*INPUT RECORDS*:
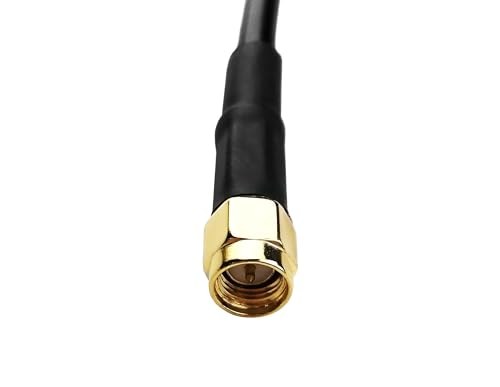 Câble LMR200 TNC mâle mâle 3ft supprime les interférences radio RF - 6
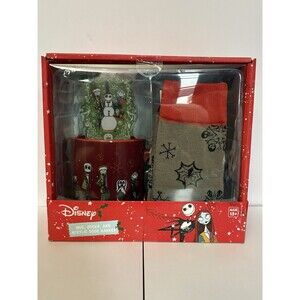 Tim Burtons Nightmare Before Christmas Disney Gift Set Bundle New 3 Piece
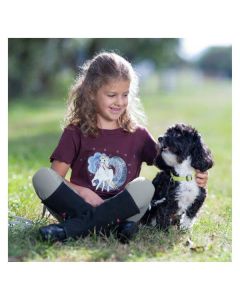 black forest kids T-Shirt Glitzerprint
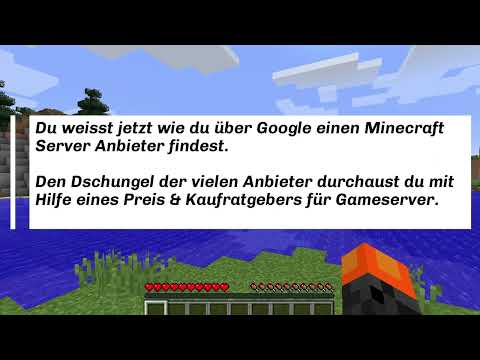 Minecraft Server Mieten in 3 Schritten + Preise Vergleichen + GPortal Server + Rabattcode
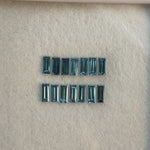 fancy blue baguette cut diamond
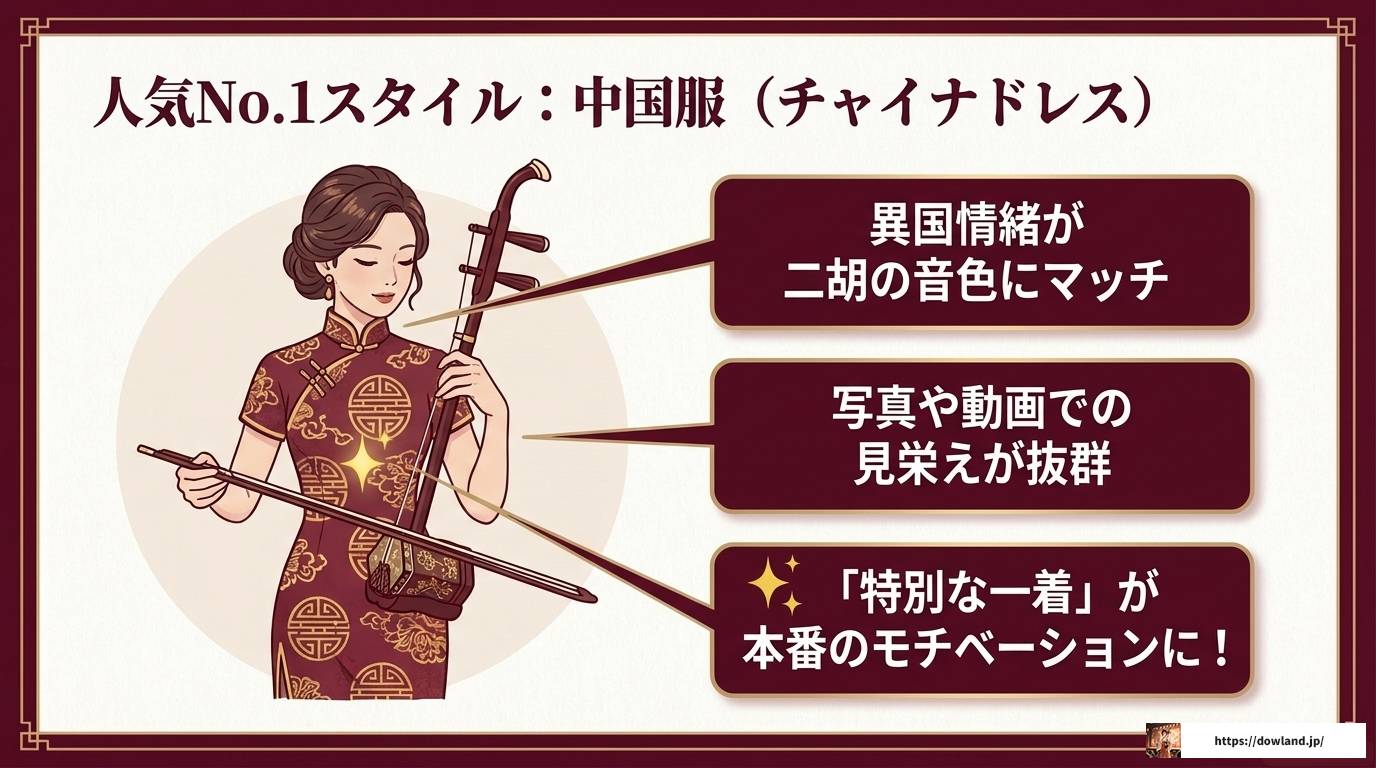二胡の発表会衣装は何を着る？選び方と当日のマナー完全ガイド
* * *
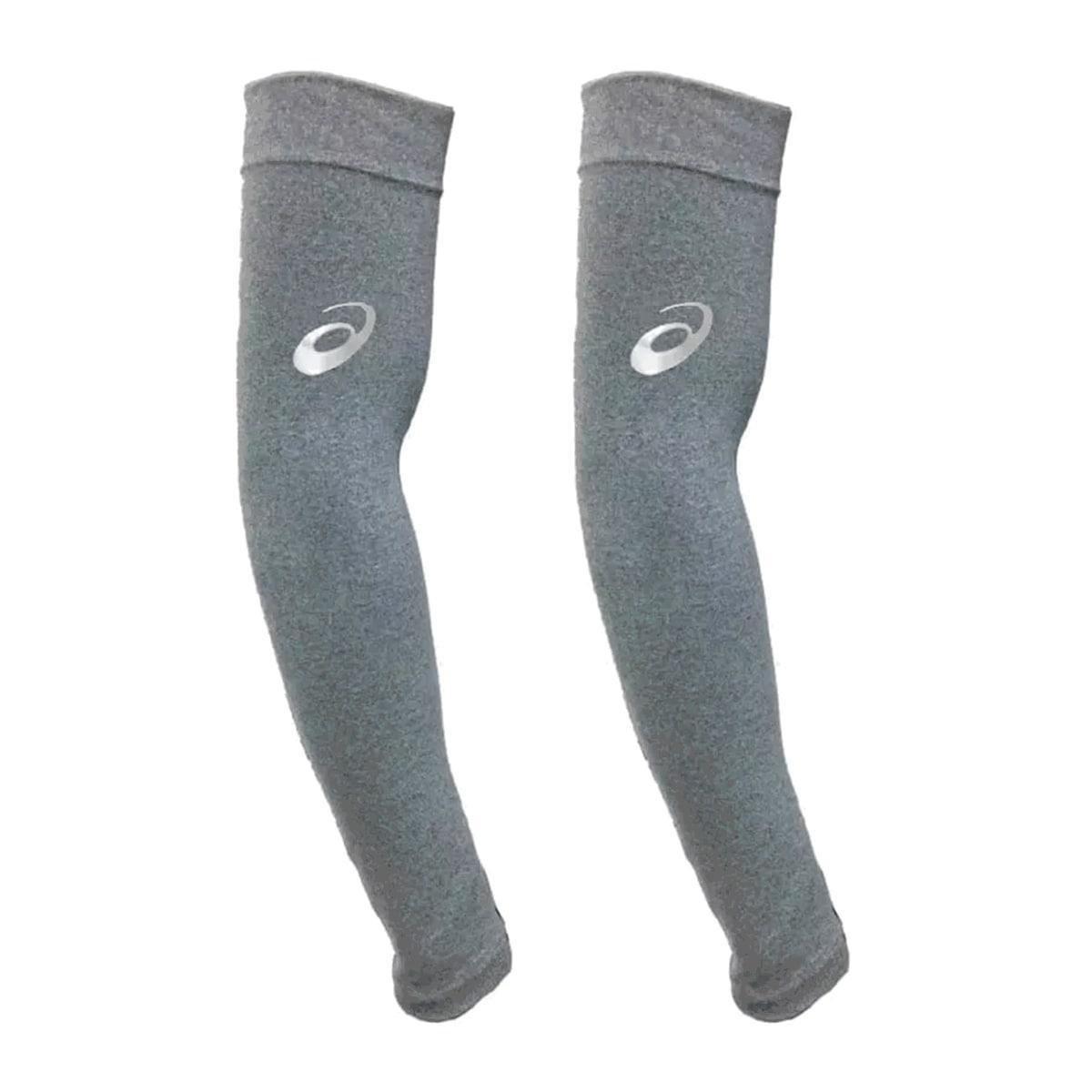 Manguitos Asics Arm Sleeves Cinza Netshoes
...
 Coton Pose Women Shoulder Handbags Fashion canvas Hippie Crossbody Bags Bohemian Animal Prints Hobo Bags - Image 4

*AIM OF THE TASK*: Output exactly the lines above, from the line with "black forest kids T-Shirt Glitzerprint" to the line with "二胡の発表会衣装は何を着る？選び方と当日のマナー完全ガイド", both included; skip the pictures.

*ANSWER BOX*:
 black forest kids T-Shirt Glitzerprint
 Minecraft Server Mieten in 3 Schritten + Preise Vergleichen + GPortal Server + Rabattcode
 fancy blue baguette cut diamond
二胡の発表会衣装は何を着る？選び方と当日のマナー完全ガイド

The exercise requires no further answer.